Work to be completed:
Beginning with the line containing "Edmond Street Las Vegas, NV 89146", write out each line exactly through the end of the listing, and skip all pictures.
____
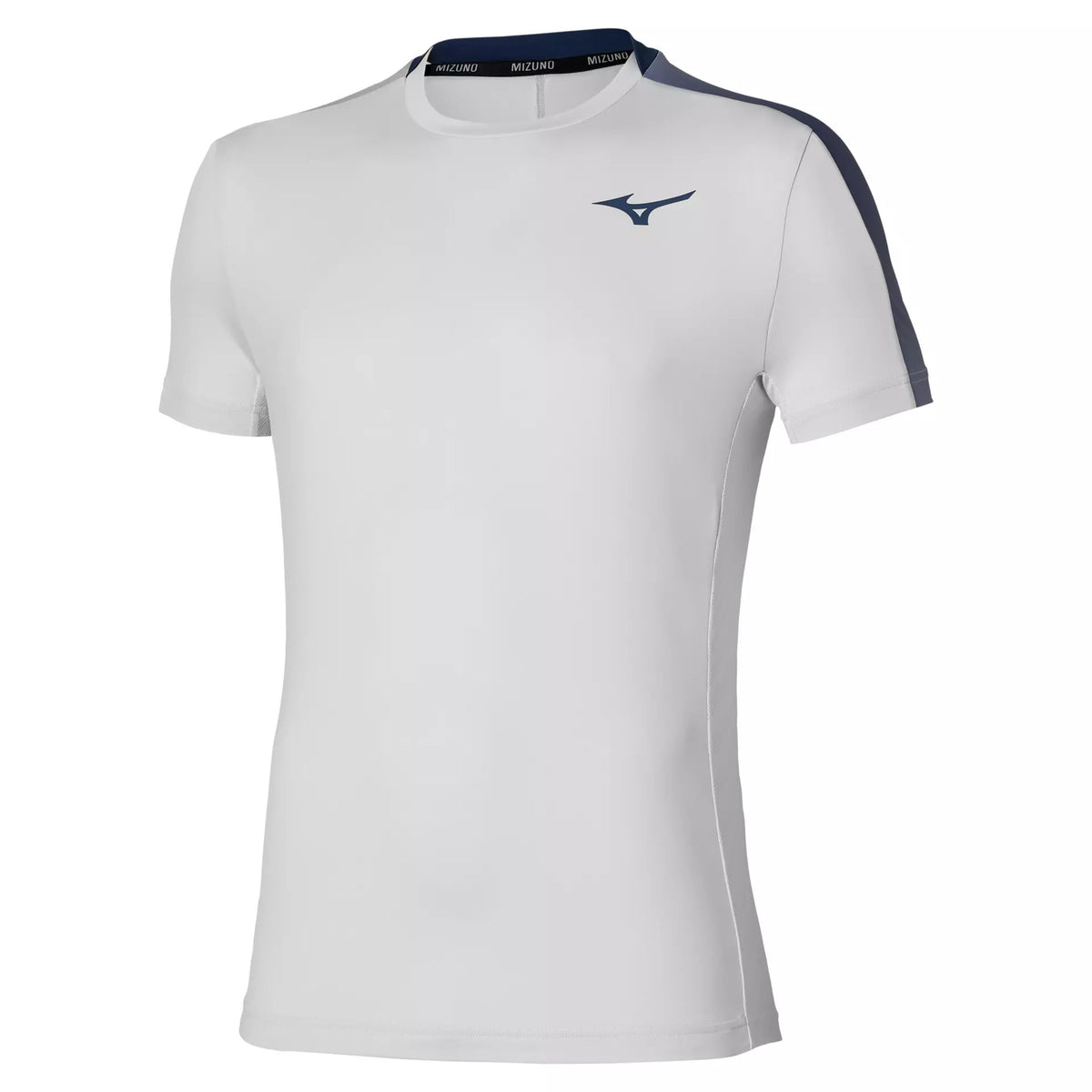 Mizuno Men's Racquet Sports Shadow Short Sleeve Tee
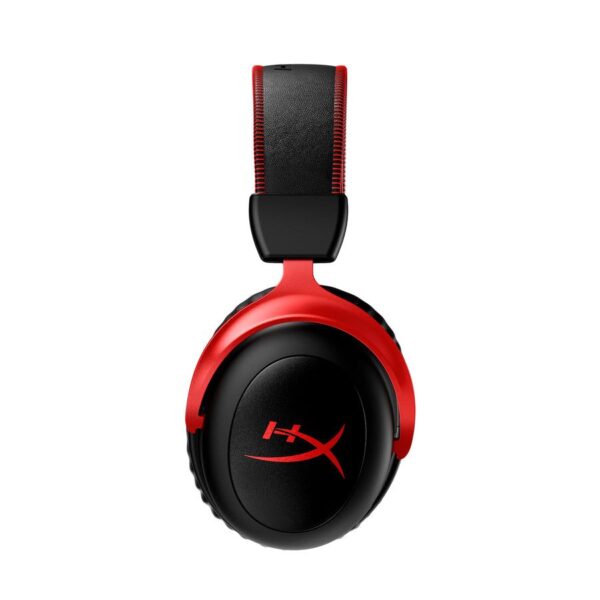 HyperX Cloud II 4P5K4AA, Wireless Gaming Headset, X Spatial Audio Accessories 3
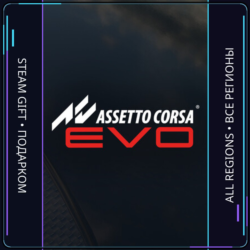 Assetto Corsa EVO | Steam Gift ПК | АВТОДОСТАВКА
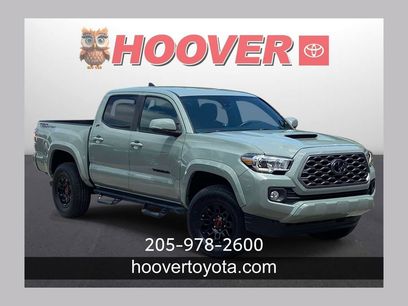 Used 2022 Toyota Tacoma TRD Sport w/ Technology Package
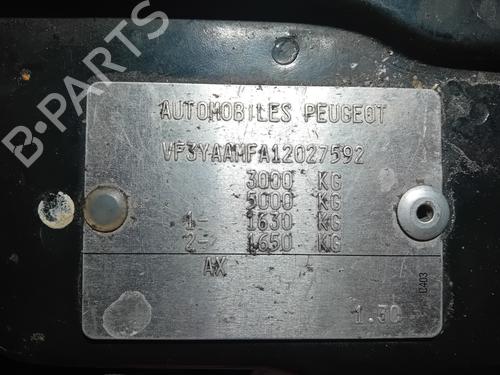 Engine PEUGEOT BOXER Van 2.2 HDi 100 | BP30709004M1  - Image 11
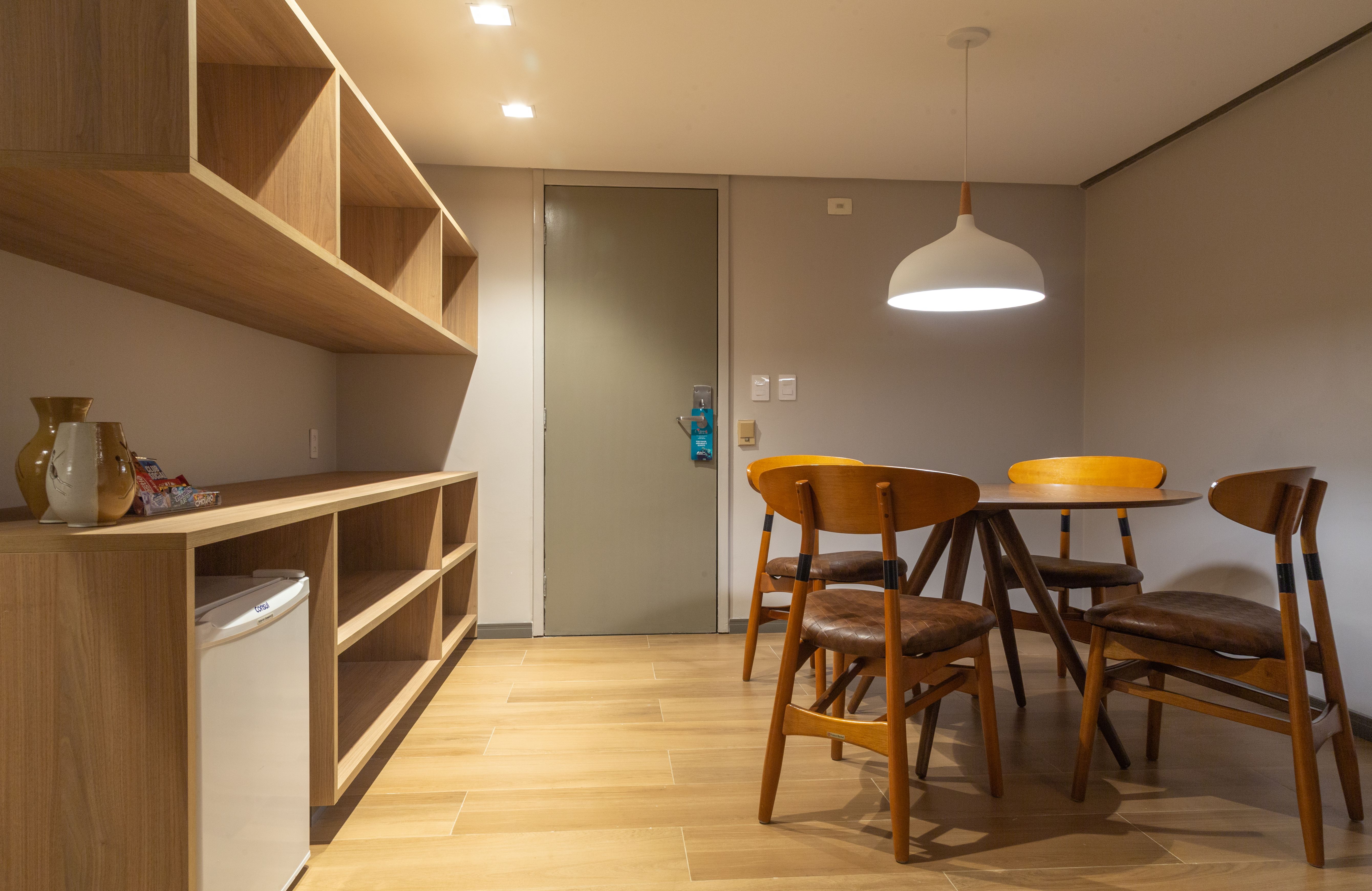 Single Executive King Bed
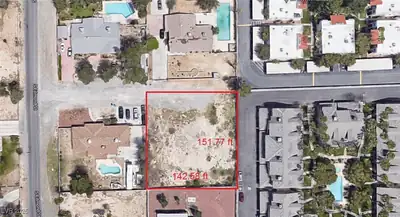Edmond Street Las Vegas, NV 89146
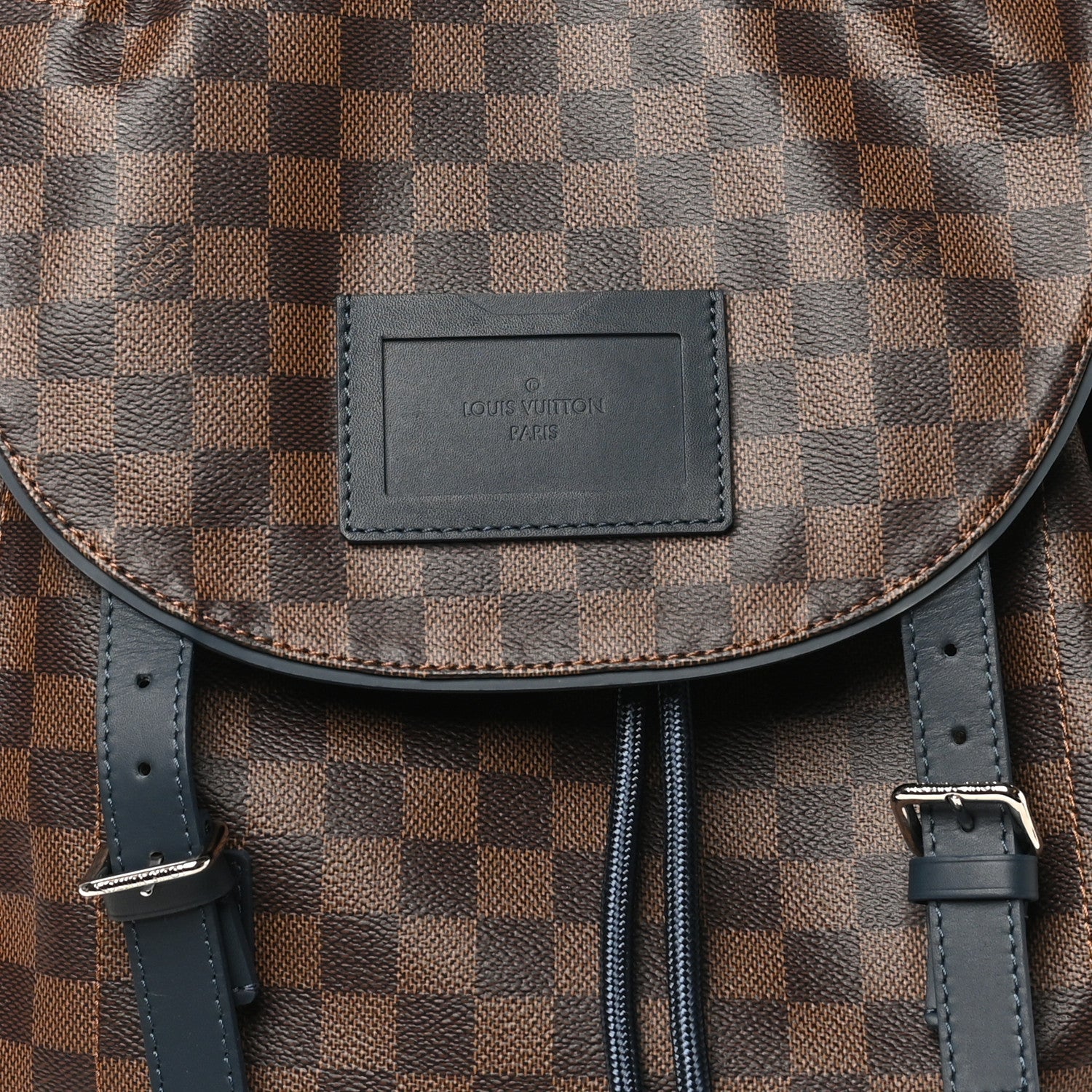 Damier Ebene Runner Backpack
____
Expected output:
Edmond Street Las Vegas, NV 89146
 Damier Ebene Runner Backpack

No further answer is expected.